* Exercise data *
----
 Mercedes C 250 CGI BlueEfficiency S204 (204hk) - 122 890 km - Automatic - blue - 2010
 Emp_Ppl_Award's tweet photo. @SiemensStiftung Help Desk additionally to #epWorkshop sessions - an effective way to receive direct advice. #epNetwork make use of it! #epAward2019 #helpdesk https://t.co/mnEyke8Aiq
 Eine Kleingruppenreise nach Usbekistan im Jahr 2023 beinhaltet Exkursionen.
----
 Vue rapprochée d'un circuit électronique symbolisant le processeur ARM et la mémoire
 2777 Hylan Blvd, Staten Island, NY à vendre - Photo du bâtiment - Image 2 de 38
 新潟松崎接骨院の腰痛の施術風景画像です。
----
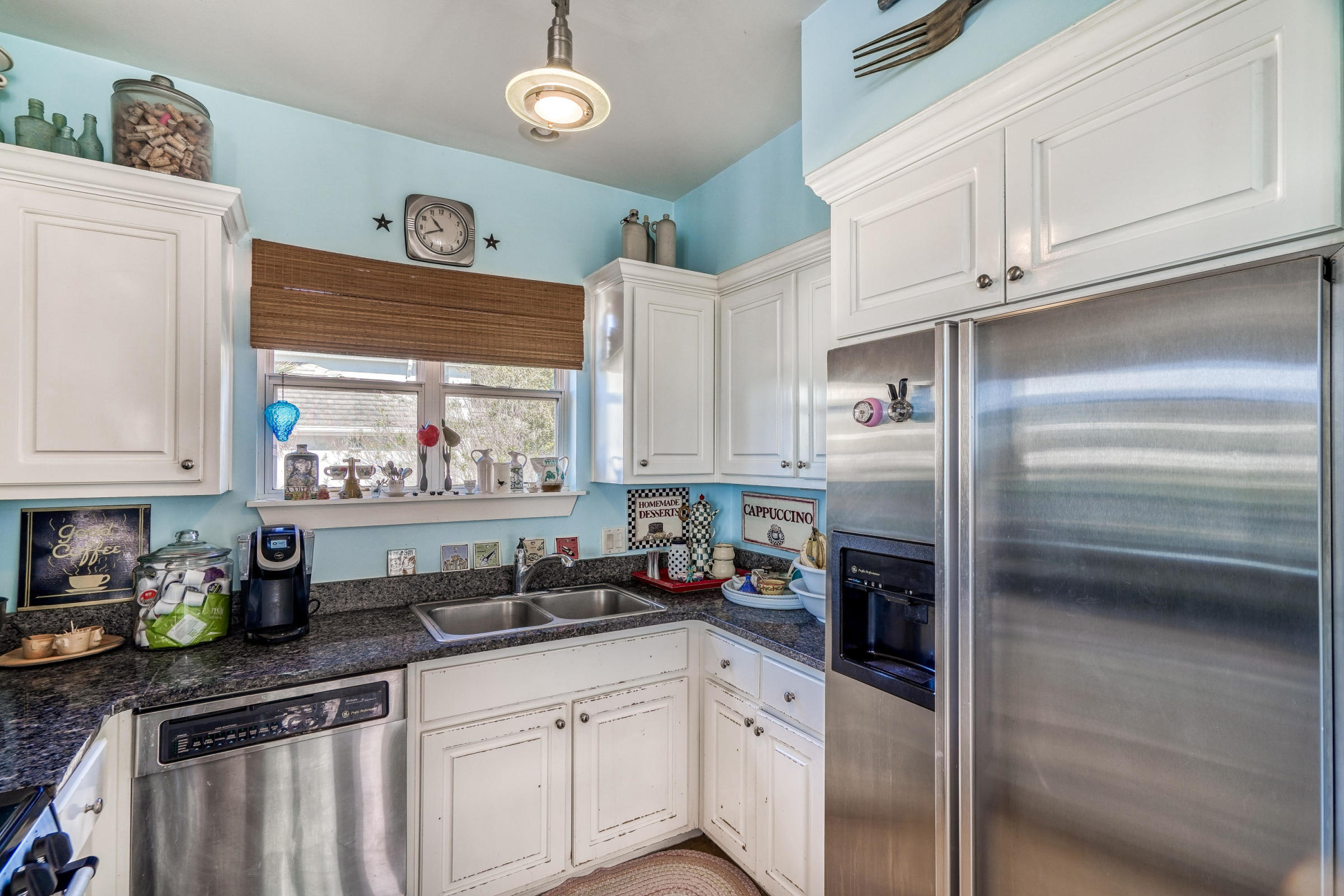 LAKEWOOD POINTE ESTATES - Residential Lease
----
* Problem statement *
From the entries above, return exactly the line containing "Mercedes C 250", the line containing "Eine Kleingruppenreise nach", and all lines between, and nothing else.

* Solution for this problem *
 Mercedes C 250 CGI BlueEfficiency S204 (204hk) - 122 890 km - Automatic - blue - 2010
 Emp_Ppl_Award's tweet photo. @SiemensStiftung Help Desk additionally to #epWorkshop sessions - an effective way to receive direct advice. #epNetwork make use of it! #epAward2019 #helpdesk https://t.co/mnEyke8Aiq
 Eine Kleingruppenreise nach Usbekistan im Jahr 2023 beinhaltet Exkursionen.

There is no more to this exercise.